### Required action
Nothing but the records, repeated word for word and free of pictures, belongs in the answer.

+ + + +

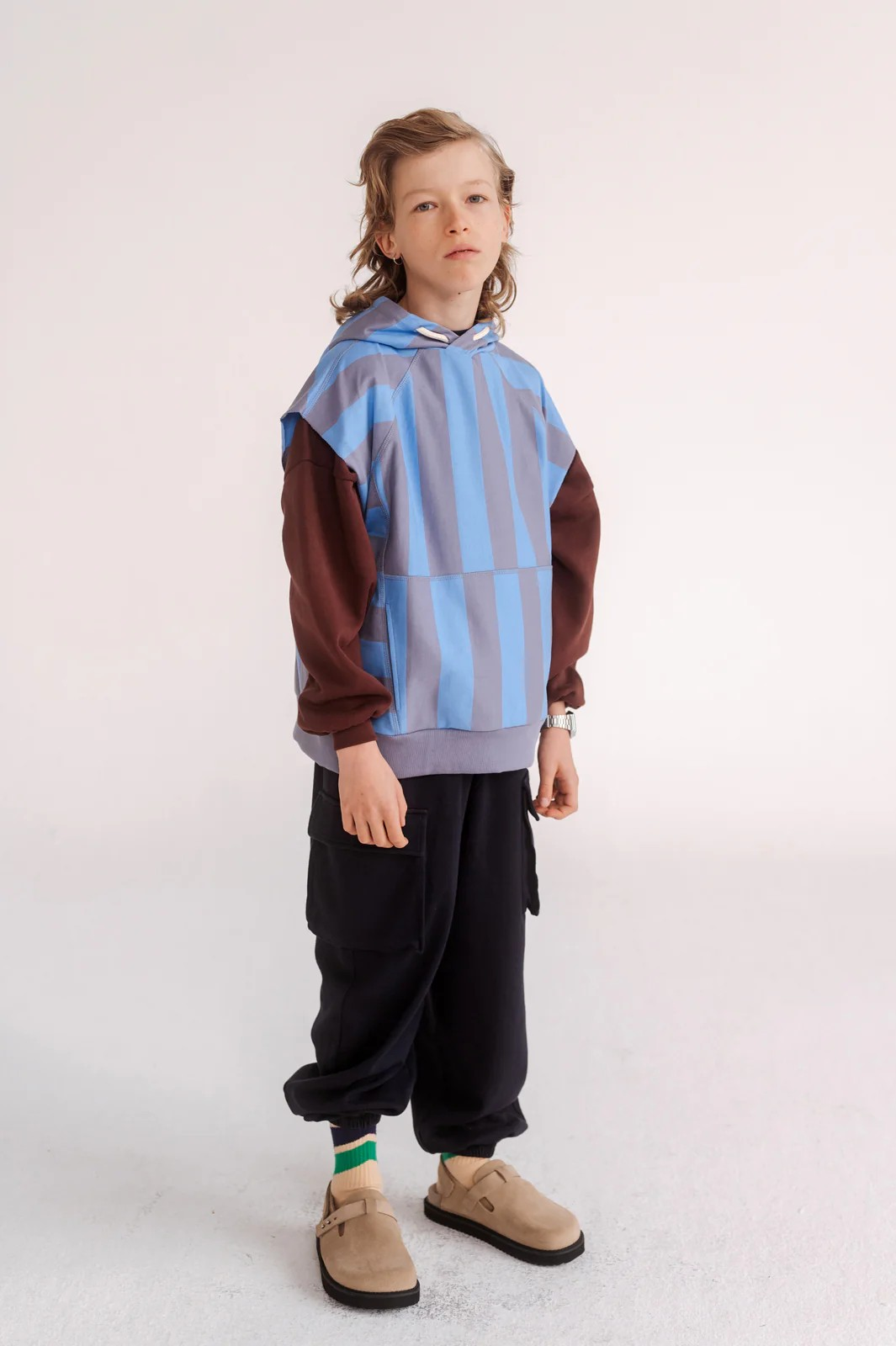 REPOSE AMS / sleeveles hoodie - blue bonnet sil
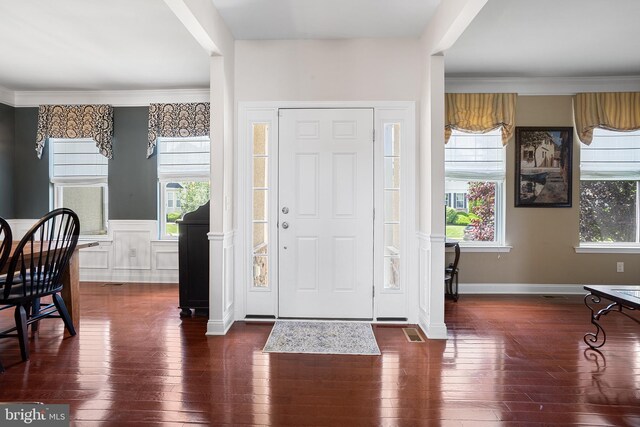 318 Windsor Rd, Mullica Hill, NJ 08062 - foyer featuring dark wood-style floors and ornamental molding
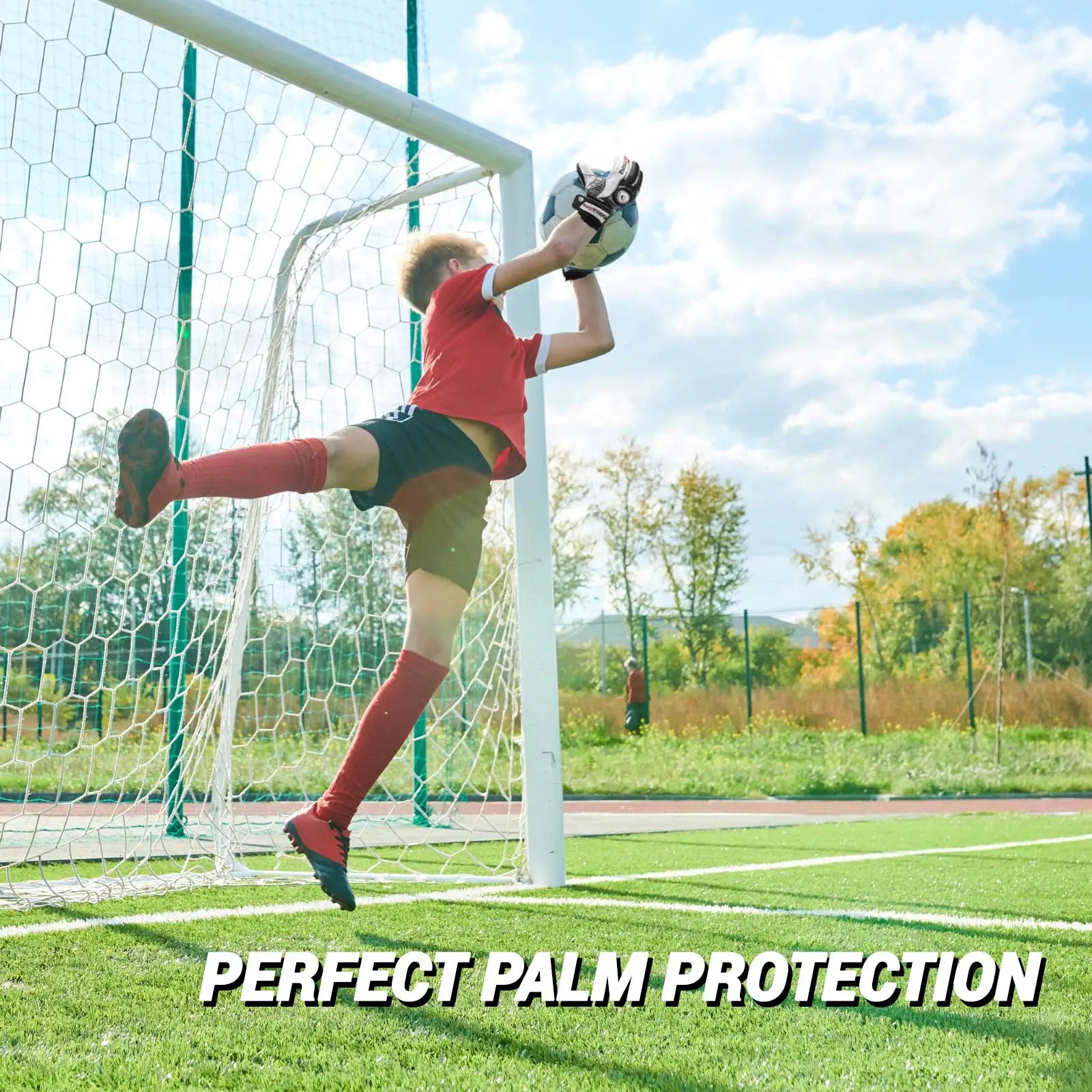 Goalie Gloves, Goalkeeper Gloves with Fingersave, Soccer Gloves, Breathable Soccer Goalie Gloves, 4Mm Latex, for Kids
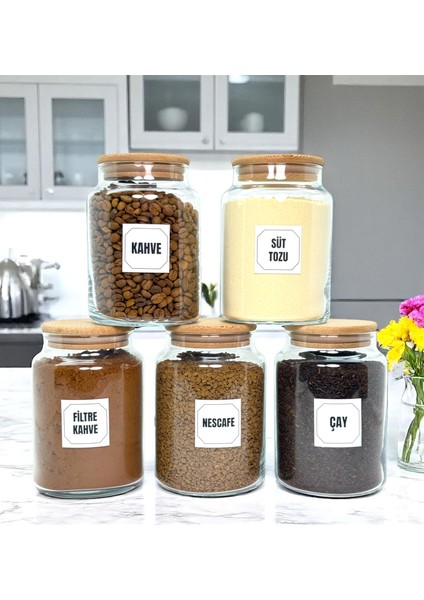 5'li Ahşap Vakum Kapaklı Cam Hazır Kahve Süt Tozu Çay Filtre Kahve Türk Kahvesi Saklama Kavanozu Seti Etiket Hediyeli fiyatları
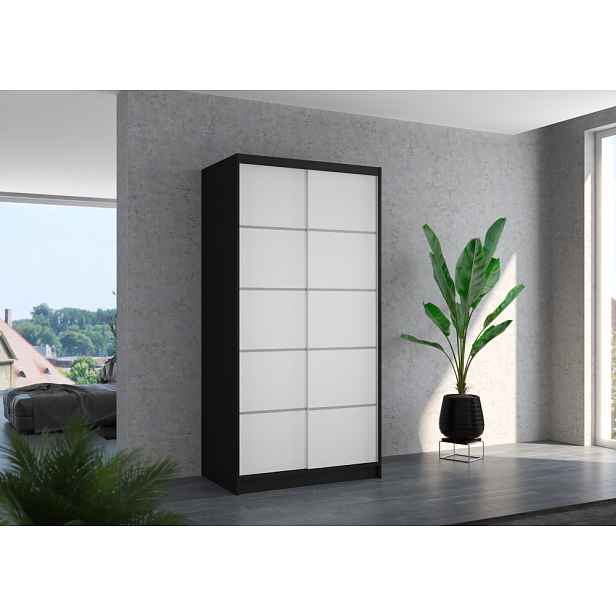 Policová šatní skříň 100 cm BAFRIX - černá / bílá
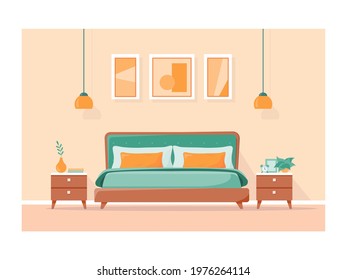 Cozy bedroom interior. Bedroom with double bed, bedside tables, lamps, paintings. Vector illustration in a flat style.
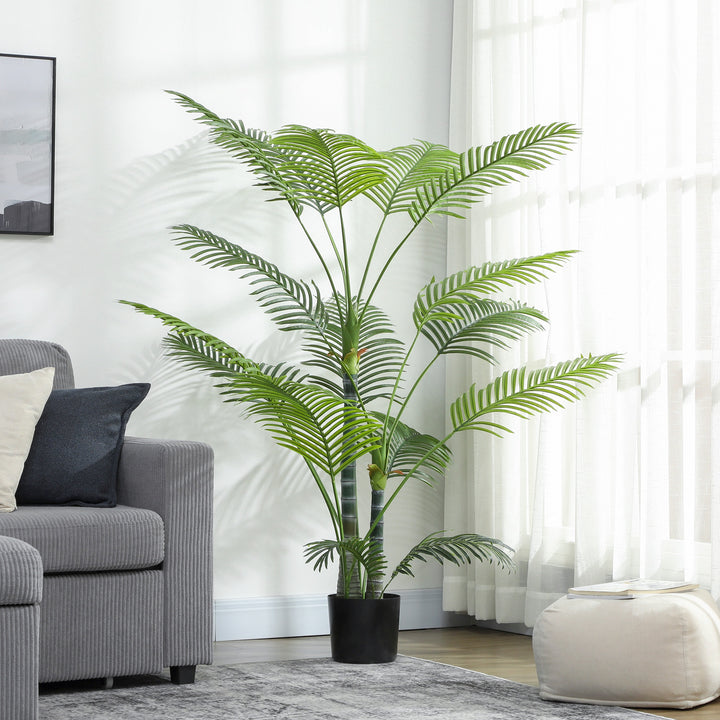 Planta Artificial Decorativa 170 cm Palmeira Artificial com Vaso e Folhas para Interior Casa Sala Escritório Verde
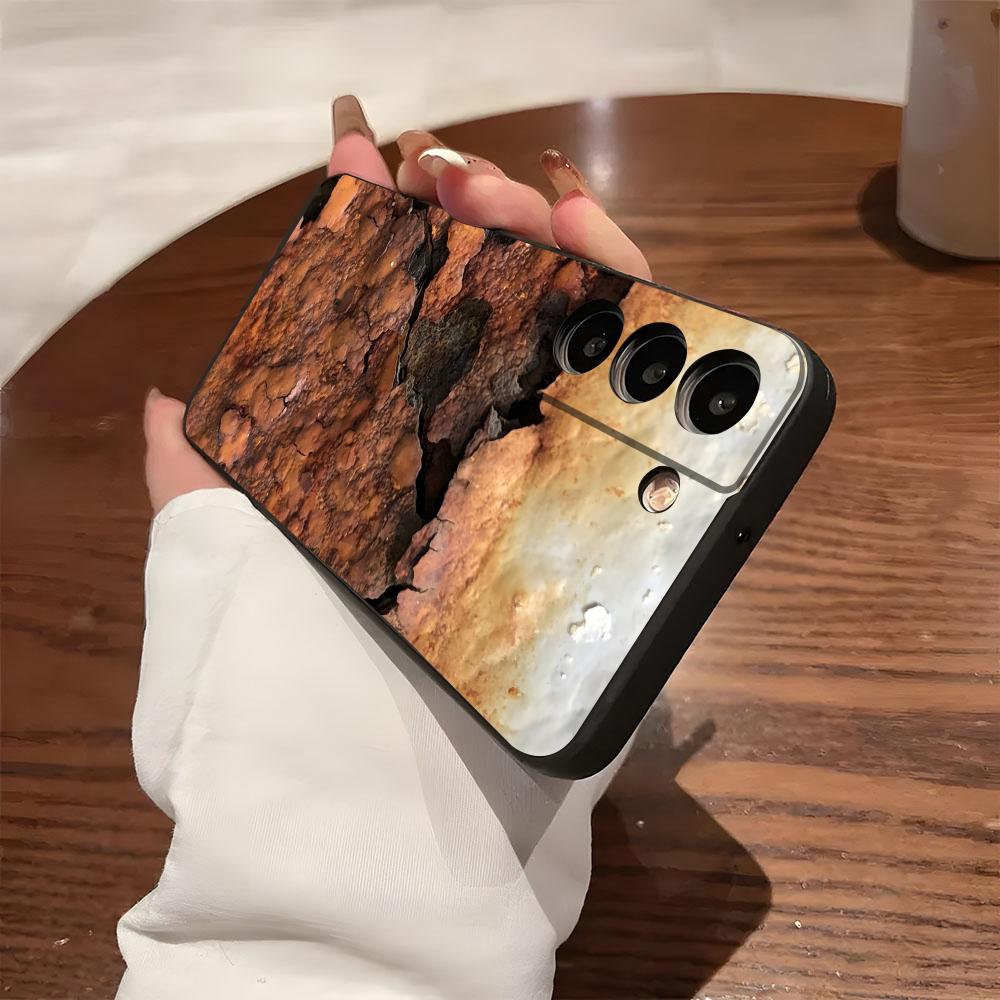 Grunge Texture Rusty Phone Case For Samsung S25 S24 FE S23 S22 S21 Plus S20 Ultra Note20Ultra Black Soft Shell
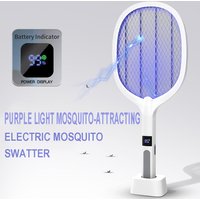 Elektrische Fliegenklatsche, Insektenvernichter, 4000 V, Typ C, wiederaufladbar, abnehmbar, handgehalten, automatischer Gewindeschneidemodus, für drin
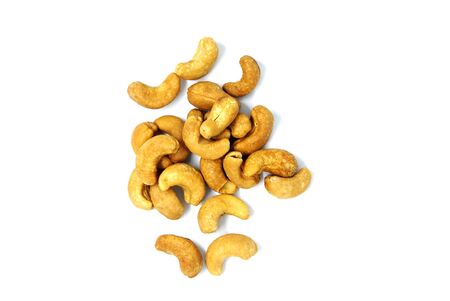 Many Cashew nut isolated white backgroundの写真素材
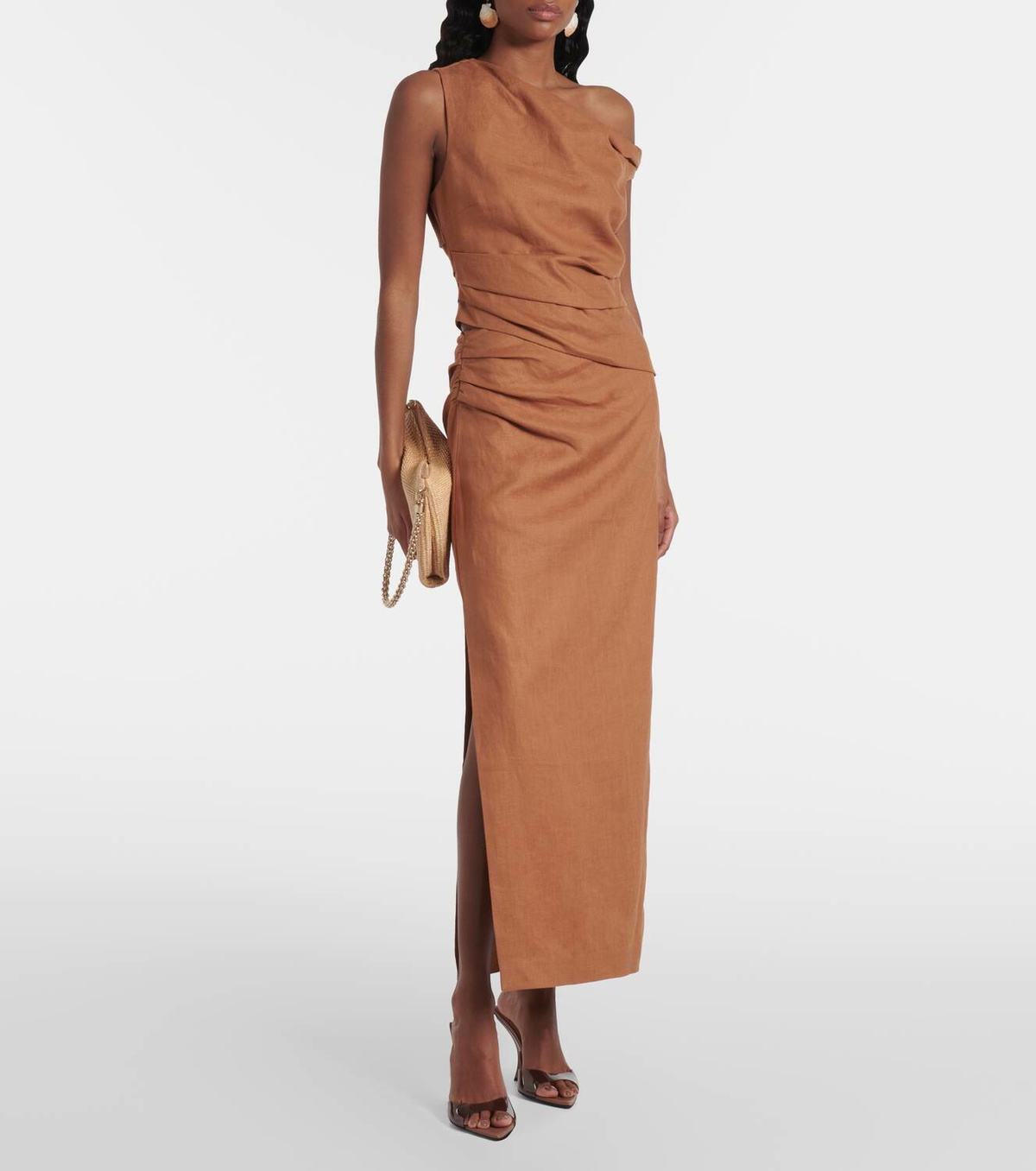 SIR Asymmetric ruched linen midi skirt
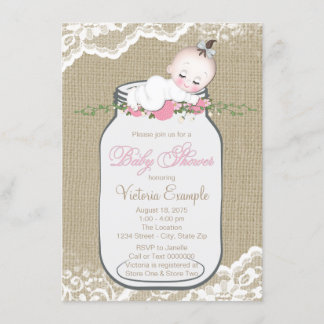 Girls Burlap Mason Jar Baby Shower Invitation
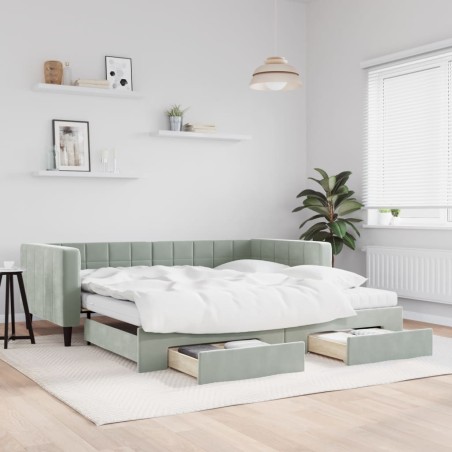 vidaXL Tagesbett Ausziehbar mit Schubladen Hellgrau 100x200 cm Samt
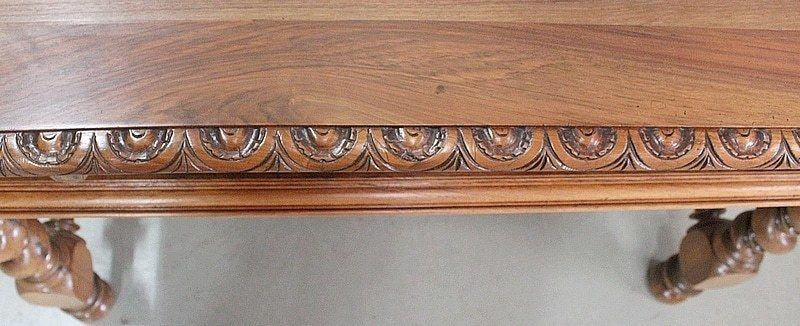 photo furniture Office Table In Solid Walnut, Louis XIII Style  19th Century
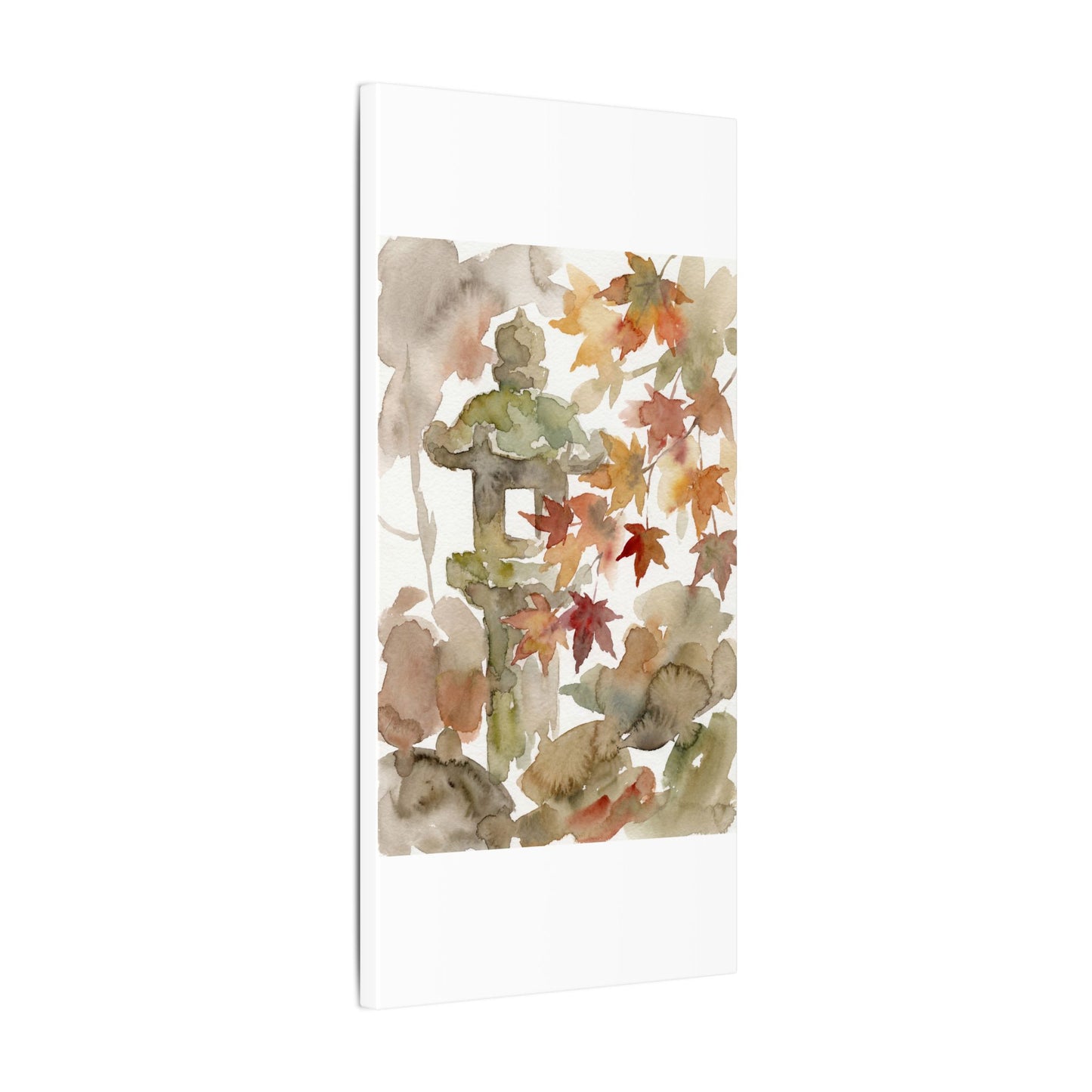 Stone Lantern Watercolor Canvas Art | Earthy Japandi Art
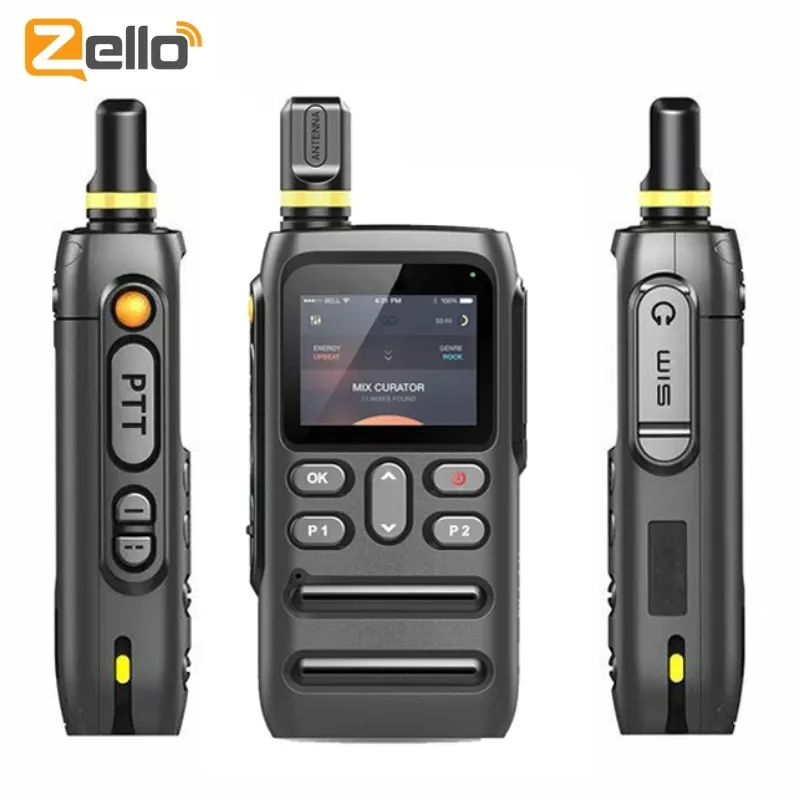 Zello 4G Android Walkie Talkie Handy WIFI GPS Sim Card Bluetooth Mobile Ham Radio 100km Two Way Radio 5000Km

+ + + +

### Solved problem
 REPOSE AMS / sleeveles hoodie - blue bonnet sil
 318 Windsor Rd, Mullica Hill, NJ 08062 - foyer featuring dark wood-style floors and ornamental molding
 Goalie Gloves, Goalkeeper Gloves with Fingersave, Soccer Gloves, Breathable Soccer Goalie Gloves, 4Mm Latex, for Kids
 5'li Ahşap Vakum Kapaklı Cam Hazır Kahve Süt Tozu Çay Filtre Kahve Türk Kahvesi Saklama Kavanozu Seti Etiket Hediyeli fiyatları
 Policová šatní skříň 100 cm BAFRIX - černá / bílá
 Cozy bedroom interior. Bedroom with double bed, bedside tables, lamps, paintings. Vector illustration in a flat style.
 Planta Artificial Decorativa 170 cm Palmeira Artificial com Vaso e Folhas para Interior Casa Sala Escritório Verde
 Grunge Texture Rusty Phone Case For Samsung S25 S24 FE S23 S22 S21 Plus S20 Ultra Note20Ultra Black Soft Shell
 Elektrische Fliegenklatsche, Insektenvernichter, 4000 V, Typ C, wiederaufladbar, abnehmbar, handgehalten, automatischer Gewindeschneidemodus, für drin
 Many Cashew nut isolated white backgroundの写真素材
 SIR Asymmetric ruched linen midi skirt
 Girls Burlap Mason Jar Baby Shower Invitation
 vidaXL Tagesbett Ausziehbar mit Schubladen Hellgrau 100x200 cm Samt
 photo furniture Office Table In Solid Walnut, Louis XIII Style  19th Century
 Stone Lantern Watercolor Canvas Art | Earthy Japandi Art
 Zello 4G Android Walkie Talkie Handy WIFI GPS Sim Card Bluetooth Mobile Ham Radio 100km Two Way Radio 5000Km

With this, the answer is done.